Central Huijin Investment Co., the state company that controls China’s biggest banks, plans to sell 187.5 billion yuan ($28 billion) of bonds to bolster its stakes in the lenders.
The domestic arm of the nation’s sovereign wealth fund, China Investment Corp., will sell 40 billion yuan in the first portion Aug. 24 on the interbank market, it said in a statement on Thursday on the website of Chinabond, the official clearinghouse.
The money will be used for Export-Import Bank of China, which provides trade financing on behalf of the government, and China Export and Credit Insurance Corp., known as Sinosure. Huijin will also participate in the rights offerings of China’s three largest banks, Industrial & Commercial Bank of China Ltd., China Construction Bank Corp. and Bank of China Ltd.
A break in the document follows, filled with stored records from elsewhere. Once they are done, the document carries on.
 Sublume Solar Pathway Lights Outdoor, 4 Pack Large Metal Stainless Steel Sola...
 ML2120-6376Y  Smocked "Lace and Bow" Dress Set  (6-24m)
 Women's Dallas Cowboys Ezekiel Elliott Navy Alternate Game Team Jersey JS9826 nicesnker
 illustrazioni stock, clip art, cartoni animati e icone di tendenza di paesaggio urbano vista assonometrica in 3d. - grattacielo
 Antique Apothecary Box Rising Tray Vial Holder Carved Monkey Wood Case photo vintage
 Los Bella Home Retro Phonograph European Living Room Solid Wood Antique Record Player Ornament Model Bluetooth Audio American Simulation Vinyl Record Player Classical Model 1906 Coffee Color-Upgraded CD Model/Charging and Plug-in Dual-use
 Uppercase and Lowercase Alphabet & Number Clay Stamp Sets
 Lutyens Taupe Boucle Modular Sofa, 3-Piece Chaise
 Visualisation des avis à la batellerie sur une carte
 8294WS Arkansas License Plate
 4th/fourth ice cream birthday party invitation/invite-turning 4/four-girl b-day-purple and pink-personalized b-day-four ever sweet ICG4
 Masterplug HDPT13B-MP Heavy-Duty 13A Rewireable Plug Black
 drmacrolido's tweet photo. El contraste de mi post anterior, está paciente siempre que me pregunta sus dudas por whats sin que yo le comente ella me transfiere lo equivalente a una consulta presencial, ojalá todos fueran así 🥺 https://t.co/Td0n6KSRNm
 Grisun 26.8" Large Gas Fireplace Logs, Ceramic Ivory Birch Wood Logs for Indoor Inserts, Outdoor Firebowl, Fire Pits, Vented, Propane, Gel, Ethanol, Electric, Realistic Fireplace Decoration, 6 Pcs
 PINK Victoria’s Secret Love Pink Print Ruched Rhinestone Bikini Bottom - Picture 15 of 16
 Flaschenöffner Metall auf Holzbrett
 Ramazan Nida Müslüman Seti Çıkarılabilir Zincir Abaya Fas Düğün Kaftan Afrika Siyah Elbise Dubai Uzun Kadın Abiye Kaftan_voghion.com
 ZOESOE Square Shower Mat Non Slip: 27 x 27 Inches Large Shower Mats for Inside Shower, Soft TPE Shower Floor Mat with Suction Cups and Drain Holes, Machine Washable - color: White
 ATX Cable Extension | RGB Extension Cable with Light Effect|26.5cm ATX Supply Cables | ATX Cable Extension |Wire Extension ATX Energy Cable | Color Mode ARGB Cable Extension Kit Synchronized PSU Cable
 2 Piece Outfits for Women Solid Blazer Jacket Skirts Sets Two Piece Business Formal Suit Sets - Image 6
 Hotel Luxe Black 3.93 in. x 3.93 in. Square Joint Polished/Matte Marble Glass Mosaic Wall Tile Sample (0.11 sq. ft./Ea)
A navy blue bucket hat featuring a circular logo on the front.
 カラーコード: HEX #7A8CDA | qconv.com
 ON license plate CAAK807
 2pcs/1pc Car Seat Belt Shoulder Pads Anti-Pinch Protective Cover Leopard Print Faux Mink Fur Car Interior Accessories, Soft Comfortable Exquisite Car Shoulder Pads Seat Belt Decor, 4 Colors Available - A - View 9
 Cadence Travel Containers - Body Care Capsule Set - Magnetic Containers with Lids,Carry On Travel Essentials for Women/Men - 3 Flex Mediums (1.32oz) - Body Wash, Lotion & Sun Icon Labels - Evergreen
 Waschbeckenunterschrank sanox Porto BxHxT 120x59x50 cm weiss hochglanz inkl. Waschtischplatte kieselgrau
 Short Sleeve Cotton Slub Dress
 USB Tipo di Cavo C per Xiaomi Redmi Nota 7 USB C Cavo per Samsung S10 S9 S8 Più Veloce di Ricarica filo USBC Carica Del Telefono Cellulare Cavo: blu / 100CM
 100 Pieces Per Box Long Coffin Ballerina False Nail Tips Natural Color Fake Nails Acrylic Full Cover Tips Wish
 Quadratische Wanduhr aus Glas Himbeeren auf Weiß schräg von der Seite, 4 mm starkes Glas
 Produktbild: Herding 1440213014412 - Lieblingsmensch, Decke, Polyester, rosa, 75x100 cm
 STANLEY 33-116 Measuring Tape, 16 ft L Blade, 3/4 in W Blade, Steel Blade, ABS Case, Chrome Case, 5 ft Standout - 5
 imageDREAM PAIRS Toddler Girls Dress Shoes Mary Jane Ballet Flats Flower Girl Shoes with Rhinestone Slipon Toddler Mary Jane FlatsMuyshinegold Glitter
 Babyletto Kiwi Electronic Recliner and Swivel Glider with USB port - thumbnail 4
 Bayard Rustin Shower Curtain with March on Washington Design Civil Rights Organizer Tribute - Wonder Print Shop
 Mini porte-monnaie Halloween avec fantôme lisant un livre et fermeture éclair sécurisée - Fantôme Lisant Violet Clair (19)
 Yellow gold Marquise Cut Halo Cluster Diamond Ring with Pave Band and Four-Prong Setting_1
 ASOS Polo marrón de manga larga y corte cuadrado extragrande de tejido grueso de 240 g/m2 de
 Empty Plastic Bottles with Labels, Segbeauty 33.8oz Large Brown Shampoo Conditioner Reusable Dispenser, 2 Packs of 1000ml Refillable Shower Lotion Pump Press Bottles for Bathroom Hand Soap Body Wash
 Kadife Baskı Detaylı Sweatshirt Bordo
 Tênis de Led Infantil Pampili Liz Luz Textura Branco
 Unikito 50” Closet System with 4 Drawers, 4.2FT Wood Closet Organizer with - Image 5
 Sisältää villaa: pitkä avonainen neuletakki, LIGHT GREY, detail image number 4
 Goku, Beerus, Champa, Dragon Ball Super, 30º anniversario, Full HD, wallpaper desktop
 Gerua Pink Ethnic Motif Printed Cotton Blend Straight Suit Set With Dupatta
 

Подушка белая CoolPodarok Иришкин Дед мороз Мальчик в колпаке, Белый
They have announced plans to raise as much as 180 billion yuan through rights offers.
Selling bonds is a first for Huijin, which was set up in 2003 and used the nation’s currency reserves to prop up ICBC and Bank of China.
The first tranche will consist of 20 billion yuan in seven- year fixed-rate notes and 20 billion yuan in 20-year fixed-rate bonds, Huijin said. It has the option to increase the total amount by 14 billion yuan, including up to 6 billion yuan in the seven-year notes, and 8 billion yuan in the longer-dated debt.